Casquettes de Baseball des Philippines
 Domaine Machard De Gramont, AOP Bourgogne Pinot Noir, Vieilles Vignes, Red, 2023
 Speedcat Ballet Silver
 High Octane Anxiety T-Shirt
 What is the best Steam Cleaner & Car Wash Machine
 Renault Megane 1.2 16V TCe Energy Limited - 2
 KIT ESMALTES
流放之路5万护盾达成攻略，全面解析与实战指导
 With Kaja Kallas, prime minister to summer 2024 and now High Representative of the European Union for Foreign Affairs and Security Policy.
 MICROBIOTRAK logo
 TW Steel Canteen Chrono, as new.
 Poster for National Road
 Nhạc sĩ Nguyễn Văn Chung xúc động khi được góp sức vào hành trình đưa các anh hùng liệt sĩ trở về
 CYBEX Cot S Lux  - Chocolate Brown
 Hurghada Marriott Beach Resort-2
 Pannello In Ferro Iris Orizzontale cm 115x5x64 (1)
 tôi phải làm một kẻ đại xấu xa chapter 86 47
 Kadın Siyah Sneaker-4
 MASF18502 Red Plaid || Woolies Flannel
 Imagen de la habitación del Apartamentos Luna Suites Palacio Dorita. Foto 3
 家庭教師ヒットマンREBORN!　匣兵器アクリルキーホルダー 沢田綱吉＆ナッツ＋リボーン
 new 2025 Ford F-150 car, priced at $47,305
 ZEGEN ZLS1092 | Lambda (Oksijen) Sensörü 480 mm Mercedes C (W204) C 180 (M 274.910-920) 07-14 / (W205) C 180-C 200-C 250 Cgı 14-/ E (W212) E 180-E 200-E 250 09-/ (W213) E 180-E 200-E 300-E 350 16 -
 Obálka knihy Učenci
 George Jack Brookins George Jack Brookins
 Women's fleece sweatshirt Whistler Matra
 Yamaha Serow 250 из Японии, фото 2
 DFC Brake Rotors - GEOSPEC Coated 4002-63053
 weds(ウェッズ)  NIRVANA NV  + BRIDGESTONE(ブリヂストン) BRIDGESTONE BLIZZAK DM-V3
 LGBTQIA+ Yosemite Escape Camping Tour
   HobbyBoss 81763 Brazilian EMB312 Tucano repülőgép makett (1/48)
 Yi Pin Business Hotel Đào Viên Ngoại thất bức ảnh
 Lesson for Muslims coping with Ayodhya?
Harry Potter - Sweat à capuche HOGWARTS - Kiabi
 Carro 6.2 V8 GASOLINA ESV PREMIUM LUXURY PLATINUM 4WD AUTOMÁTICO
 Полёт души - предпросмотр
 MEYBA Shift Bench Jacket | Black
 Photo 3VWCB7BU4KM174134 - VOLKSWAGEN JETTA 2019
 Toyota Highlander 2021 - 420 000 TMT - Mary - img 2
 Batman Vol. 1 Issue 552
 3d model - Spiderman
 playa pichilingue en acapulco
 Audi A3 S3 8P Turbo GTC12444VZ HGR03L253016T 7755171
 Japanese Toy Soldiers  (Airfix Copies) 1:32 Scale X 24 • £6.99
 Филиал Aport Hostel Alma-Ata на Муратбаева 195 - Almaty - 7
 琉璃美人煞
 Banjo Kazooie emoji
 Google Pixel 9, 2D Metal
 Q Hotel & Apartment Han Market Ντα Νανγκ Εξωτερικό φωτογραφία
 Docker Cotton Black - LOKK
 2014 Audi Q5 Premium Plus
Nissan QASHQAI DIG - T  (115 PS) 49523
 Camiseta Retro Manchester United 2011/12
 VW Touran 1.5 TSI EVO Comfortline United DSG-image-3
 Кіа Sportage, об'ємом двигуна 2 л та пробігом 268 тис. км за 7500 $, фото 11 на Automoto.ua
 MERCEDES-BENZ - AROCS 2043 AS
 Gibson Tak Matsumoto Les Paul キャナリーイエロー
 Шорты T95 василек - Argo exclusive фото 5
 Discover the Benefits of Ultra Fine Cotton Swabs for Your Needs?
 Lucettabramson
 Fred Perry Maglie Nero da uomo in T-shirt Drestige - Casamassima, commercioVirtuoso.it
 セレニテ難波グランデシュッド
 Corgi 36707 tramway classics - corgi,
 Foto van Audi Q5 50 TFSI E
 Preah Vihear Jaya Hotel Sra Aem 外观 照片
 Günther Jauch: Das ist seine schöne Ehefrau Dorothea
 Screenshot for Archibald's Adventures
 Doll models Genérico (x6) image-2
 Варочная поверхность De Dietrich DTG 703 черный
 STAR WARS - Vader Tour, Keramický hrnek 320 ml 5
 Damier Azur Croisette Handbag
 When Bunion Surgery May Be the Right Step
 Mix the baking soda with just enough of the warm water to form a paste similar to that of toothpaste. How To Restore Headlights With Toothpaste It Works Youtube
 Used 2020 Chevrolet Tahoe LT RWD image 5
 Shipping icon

* **What is expected**
Taking the entries above, write out exactly each line from the one holding "Hurghada Marriott Beach Resort-2" to the one holding "家庭教師ヒットマンREBOR", both included, and stop there.

* **Answer to this exercise**
 Hurghada Marriott Beach Resort-2
 Pannello In Ferro Iris Orizzontale cm 115x5x64 (1)
 tôi phải làm một kẻ đại xấu xa chapter 86 47
 Kadın Siyah Sneaker-4
 MASF18502 Red Plaid || Woolies Flannel
 Imagen de la habitación del Apartamentos Luna Suites Palacio Dorita. Foto 3
 家庭教師ヒットマンREBORN!　匣兵器アクリルキーホルダー 沢田綱吉＆ナッツ＋リボーン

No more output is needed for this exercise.